▶ **Stored data**:
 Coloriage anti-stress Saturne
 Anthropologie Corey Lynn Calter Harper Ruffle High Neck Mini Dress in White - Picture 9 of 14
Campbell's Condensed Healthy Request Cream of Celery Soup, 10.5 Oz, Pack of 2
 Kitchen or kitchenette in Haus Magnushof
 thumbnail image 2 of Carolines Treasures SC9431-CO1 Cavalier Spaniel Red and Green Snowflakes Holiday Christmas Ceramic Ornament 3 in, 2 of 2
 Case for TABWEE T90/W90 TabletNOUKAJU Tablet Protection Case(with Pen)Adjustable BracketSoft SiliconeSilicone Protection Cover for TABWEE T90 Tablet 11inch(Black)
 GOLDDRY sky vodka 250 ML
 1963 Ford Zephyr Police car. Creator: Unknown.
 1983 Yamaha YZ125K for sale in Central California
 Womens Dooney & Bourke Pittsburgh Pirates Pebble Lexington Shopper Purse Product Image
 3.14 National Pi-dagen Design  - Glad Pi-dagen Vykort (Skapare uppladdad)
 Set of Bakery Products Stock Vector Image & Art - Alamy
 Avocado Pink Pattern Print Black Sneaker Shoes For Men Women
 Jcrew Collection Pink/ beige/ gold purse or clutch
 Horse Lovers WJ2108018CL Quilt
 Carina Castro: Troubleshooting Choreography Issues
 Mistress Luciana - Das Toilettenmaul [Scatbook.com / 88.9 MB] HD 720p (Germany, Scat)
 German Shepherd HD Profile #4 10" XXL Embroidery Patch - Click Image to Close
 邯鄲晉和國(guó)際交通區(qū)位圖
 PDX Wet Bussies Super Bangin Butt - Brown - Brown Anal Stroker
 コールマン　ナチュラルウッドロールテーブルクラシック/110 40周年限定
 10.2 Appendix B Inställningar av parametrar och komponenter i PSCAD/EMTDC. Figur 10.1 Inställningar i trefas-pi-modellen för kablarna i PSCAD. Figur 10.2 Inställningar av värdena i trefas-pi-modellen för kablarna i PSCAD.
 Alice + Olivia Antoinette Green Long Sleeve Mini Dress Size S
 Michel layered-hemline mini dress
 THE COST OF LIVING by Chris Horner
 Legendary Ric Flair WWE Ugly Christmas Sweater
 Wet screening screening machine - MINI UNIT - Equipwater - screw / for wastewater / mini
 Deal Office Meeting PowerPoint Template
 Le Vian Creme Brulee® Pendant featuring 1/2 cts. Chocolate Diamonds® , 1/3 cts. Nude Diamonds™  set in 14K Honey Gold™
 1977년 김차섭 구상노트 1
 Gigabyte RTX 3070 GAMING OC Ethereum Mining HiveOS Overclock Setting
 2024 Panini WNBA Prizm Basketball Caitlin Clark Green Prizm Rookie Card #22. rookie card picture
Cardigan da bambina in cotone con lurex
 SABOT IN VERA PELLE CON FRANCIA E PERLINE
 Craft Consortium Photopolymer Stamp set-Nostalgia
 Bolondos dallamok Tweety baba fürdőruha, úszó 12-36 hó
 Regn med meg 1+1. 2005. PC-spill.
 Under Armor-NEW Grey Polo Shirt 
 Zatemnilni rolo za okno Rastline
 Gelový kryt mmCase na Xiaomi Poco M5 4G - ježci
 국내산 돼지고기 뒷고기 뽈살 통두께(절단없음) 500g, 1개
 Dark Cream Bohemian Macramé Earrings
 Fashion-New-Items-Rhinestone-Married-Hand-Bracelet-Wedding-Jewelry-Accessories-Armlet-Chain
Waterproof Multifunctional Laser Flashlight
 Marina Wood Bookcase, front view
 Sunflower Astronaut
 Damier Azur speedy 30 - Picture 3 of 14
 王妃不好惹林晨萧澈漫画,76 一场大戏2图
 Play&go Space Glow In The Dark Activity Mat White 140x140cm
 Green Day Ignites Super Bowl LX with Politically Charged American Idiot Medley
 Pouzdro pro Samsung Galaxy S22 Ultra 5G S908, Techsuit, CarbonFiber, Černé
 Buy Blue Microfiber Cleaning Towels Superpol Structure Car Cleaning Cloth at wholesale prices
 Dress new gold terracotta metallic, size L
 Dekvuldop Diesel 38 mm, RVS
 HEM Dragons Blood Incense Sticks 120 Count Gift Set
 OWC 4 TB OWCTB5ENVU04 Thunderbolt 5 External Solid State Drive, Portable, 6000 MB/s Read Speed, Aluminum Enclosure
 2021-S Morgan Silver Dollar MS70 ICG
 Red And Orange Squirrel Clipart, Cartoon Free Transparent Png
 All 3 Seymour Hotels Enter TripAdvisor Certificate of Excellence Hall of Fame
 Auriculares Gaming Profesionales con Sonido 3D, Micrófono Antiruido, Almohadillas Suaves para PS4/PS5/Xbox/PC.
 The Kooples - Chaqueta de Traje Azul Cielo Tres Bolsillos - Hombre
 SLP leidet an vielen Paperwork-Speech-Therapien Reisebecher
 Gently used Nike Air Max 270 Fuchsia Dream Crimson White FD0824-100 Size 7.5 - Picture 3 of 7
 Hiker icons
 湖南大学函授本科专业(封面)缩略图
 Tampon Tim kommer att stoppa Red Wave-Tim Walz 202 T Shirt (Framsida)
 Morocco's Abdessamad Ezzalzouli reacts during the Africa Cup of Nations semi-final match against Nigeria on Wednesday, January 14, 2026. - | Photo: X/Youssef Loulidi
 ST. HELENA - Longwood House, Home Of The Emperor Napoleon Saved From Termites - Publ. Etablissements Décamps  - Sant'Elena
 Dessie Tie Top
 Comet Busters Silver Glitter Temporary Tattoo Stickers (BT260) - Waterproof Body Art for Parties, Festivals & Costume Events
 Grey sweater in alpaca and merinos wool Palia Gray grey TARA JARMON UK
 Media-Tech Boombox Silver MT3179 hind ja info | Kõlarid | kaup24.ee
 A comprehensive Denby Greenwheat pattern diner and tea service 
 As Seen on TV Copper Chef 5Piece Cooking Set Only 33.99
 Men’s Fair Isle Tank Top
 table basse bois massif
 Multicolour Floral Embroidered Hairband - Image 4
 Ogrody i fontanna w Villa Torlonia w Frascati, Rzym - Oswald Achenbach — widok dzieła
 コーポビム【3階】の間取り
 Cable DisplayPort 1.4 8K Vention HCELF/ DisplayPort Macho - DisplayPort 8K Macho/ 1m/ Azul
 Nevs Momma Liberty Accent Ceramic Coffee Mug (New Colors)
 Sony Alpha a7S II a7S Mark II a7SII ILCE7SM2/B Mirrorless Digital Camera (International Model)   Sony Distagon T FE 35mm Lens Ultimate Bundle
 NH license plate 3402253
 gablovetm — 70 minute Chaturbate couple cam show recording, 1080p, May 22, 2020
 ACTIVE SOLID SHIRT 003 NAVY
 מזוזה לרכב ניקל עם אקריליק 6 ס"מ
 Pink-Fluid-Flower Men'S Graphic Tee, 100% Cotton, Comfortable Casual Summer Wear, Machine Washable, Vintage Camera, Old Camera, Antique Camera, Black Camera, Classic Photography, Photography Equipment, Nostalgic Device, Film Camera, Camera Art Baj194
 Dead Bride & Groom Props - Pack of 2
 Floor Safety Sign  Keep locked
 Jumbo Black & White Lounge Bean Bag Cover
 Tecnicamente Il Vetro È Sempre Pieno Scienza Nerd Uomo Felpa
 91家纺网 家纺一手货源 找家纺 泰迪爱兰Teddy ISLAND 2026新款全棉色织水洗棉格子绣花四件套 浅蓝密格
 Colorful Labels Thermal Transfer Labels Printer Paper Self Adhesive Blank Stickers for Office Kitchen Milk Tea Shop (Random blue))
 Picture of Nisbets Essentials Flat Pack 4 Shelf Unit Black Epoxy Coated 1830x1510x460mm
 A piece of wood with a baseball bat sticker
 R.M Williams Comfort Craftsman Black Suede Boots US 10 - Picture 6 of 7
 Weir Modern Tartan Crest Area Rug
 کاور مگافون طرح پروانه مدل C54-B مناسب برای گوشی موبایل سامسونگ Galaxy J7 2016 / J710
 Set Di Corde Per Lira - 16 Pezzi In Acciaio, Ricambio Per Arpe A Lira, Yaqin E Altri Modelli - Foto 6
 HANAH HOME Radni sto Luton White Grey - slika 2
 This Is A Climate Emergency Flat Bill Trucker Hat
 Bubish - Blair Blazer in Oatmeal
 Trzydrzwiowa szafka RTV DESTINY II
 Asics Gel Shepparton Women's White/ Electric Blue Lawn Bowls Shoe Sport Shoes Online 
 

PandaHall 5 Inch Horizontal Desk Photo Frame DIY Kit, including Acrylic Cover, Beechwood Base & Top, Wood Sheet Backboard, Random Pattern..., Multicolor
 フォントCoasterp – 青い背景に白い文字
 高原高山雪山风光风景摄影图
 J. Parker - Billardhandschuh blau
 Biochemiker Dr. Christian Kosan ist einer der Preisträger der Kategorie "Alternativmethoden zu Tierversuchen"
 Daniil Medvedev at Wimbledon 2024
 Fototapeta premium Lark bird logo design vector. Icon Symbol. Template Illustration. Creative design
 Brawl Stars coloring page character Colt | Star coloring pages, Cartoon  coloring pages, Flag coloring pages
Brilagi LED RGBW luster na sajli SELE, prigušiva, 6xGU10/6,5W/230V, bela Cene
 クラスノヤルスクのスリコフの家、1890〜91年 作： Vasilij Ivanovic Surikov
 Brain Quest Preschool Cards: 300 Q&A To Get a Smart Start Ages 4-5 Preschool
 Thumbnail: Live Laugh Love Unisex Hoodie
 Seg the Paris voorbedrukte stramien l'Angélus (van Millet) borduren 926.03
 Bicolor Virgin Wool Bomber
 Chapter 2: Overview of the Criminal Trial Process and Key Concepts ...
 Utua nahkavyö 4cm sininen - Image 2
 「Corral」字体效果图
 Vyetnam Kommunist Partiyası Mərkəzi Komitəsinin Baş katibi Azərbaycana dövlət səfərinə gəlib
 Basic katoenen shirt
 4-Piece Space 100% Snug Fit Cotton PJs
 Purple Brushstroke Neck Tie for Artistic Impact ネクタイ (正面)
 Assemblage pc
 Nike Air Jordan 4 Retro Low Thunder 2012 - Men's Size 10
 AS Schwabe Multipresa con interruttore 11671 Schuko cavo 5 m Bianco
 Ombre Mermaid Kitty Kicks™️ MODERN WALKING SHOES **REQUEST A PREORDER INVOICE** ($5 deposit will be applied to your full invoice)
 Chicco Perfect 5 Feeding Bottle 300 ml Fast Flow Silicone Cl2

▶ **Assignment**:
Copy out, exactly and alone, the lines of the entries above between the ones holding "Hiker icons" and "Dessie Tie Top", inclusive.

▶ **Result for this exercise**:
 Hiker icons
 湖南大学函授本科专业(封面)缩略图
 Tampon Tim kommer att stoppa Red Wave-Tim Walz 202 T Shirt (Framsida)
 Morocco's Abdessamad Ezzalzouli reacts during the Africa Cup of Nations semi-final match against Nigeria on Wednesday, January 14, 2026. - | Photo: X/Youssef Loulidi
 ST. HELENA - Longwood House, Home Of The Emperor Napoleon Saved From Termites - Publ. Etablissements Décamps  - Sant'Elena
 Dessie Tie Top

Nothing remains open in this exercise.